It’s always interesting when you come to the end of something. Whether it be an event, a friendship, an adventure, or a part of your life. 2020 has been the definition of “out with the old and in with the new” and not just because of COVID-19.
I was one of the poor souls that had to write my last year of highschool in the middle of a pandemic. Certainly not ideal and a little devastating. I lost a lot this year, but I suppose I gained a lot too.
It’s strange for me to think that I am no longer a school student. We spend so much of our formative years as students: going to school, wearing uniforms, sitting in classrooms. All of those little quirks we associate with school. Our friends are all “school friends”. The days are encased by school. All our major life events happen at or during school. It’s this constant in your life that sort of just disappears in one final swoop of a pen. One final exam and it’s all over.
Yes, I know I have varsity; I know it’s technically a school, but it’s different. The entire ordeal is different. The structure has changed; the feel has changed. It’s a whole other ball game – one I feel drastically ill-equipped to play. I’m not even sure I will ever be equipped to play it. But I suppose part of life is playing the game and figuring out the rules and regulations as you go. You just have to play it well, or at least try to.
So we leave everything we know to enter into a world that is familiar but uncomfortable, like scratchy clothing or old glasses. The perscription isn’t quite right. The world is a little blurry. But as I enter this new and blurry world, I get ready to stumble and fall and love.

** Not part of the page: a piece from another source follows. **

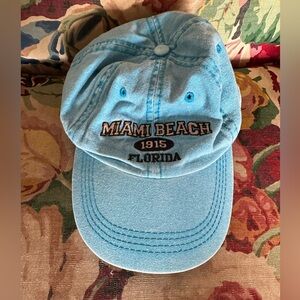 MIAMI BEACH 1915 Florida FL Beach HAT Aqua Blue Brand 777 Lucky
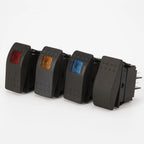 ABILKEEN KCD2 Rocker Marine Switch DC12-24V ON-OFF Latching Toggle Rocker Push Button with LED Illuminate 4-Pin Terminal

Isn’t that what it is all about?
The changes to my school year made the end worse in some ways, because I lost all the aspects of my matric year that would have given me closure to it all. No matric dance (prom for those confused), no final assembly, no matric lunch. They traded all of my school’s traditions and events to send us off in style for face masks and sanitizer. All gone in a blip. I’m not even surprised that this was how the year panned out. My grade is a guinea pig grade, or so the joke goes, so of course we would write matric in the middle of a pandemic. It was almost too fitting, but we made it work, or at least I did.
My brilliant mother gave me a matric dance far better than what I ever could have dreamed. There was a red carpet and everything. I got to choose who was there, so there was no awkward smiles exchanged. It was at the most beautiful home you could dream of – courtesy of family friends. It was a really lovely night and event. The night was far better than how the actual dance would have turned out.
My relationship with my siblings strengthened and evolved into something beautiful and powerful. It wouldn’t be the way it is today without the pandemic. Being in close proximity with them for months on end enabled us to engage and be a part of each other’s lives in a way that we never imagined. In some ways I am grateful for lockdown, although there were times of a deep want to enact strangulation, I learned to love them as people this year. Not just as my siblings.
I made new friends and found new loves. I got into podcasts, thanks to The Magnus Archives (an absolute must if you haven’t listened to it already). There was a resurgence in my love for nature and gardens. I continued to foster relationships that are deeply important to me and I made new connections.
However, on the other hand, I was stressed and struggling. I struggled with staying focused and keeping up my marks. I struggled with fatigue and managing anxiety. My stress management tactics went out the window and therefore, I didn’t mange my stress particularly well – my office was a testament to that. I often felt out of control and unsure of the decisions I was making. I struggled to find the balance.
It was a year of big decisions and lots of second guessing. Should I really apply for that degree? Is this really what is best for me? I spent most of my time thinking that every decision I was making was wrong. Unfortunately, I had little in person contact with people experiencing the same thing as me for months, and this made it all feel more intense and harder to deal with. I felt on my own. It’s a feeling many became familiar with this year.
What I’m trying to say was this year was both good and bad. Yes, the bad moments were intense and felt never ending. Perhaps there was more of them than previous years. But the most of the good moments were intense and felt never ending too.
This year has been a tragedy for so many. It has caused so much loss and pain; it has changed the very foundation of society, but there has been lots of good in this year too. People have developed greater appreciation for others and nature. The skies were a little bluer, the air a little cleaner because of decreased pollution. There is good and bad to every year. Sometimes there will be more good, sometimes there will be more bad. But every year will force us to adapt and grow.
The easiest way to do so is to follow “out with the old, in with the new” and try to find a little beauty in everyday. We cannot cling to the past or what we used to know. We cannot think old solutions will solve new problems. But most importantly, we should stop and smell the flowers every once in a while on the way. The journey should be just as beautiful as the destination.
I wish you all a beautiful new year and a chance to grow. I hope you find the light in all this chaos.